Records provided Block Start
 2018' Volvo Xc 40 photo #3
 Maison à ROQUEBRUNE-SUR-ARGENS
Records provided Block End
Records provided Block Start
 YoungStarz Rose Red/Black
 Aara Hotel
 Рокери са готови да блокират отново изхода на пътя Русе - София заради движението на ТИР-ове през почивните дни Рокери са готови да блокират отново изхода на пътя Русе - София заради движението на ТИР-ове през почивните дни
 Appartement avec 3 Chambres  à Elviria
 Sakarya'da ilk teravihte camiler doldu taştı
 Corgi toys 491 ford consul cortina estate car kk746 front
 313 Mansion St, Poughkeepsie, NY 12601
Records provided Block End
Records provided Block Start
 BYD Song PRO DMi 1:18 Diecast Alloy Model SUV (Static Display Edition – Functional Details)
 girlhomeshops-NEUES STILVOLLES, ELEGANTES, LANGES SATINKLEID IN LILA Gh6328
Records provided Block End
■ **Exercise directions**
Every line above from the line with "2018' Volvo Xc 40 photo #3" to the line with "Maison à ROQUEBRUNE-SUR-ARGENS" is wanted, ends included; write them out exactly and add no other line.

■ **Your solution**
 2018' Volvo Xc 40 photo #3
 Maison à ROQUEBRUNE-SUR-ARGENS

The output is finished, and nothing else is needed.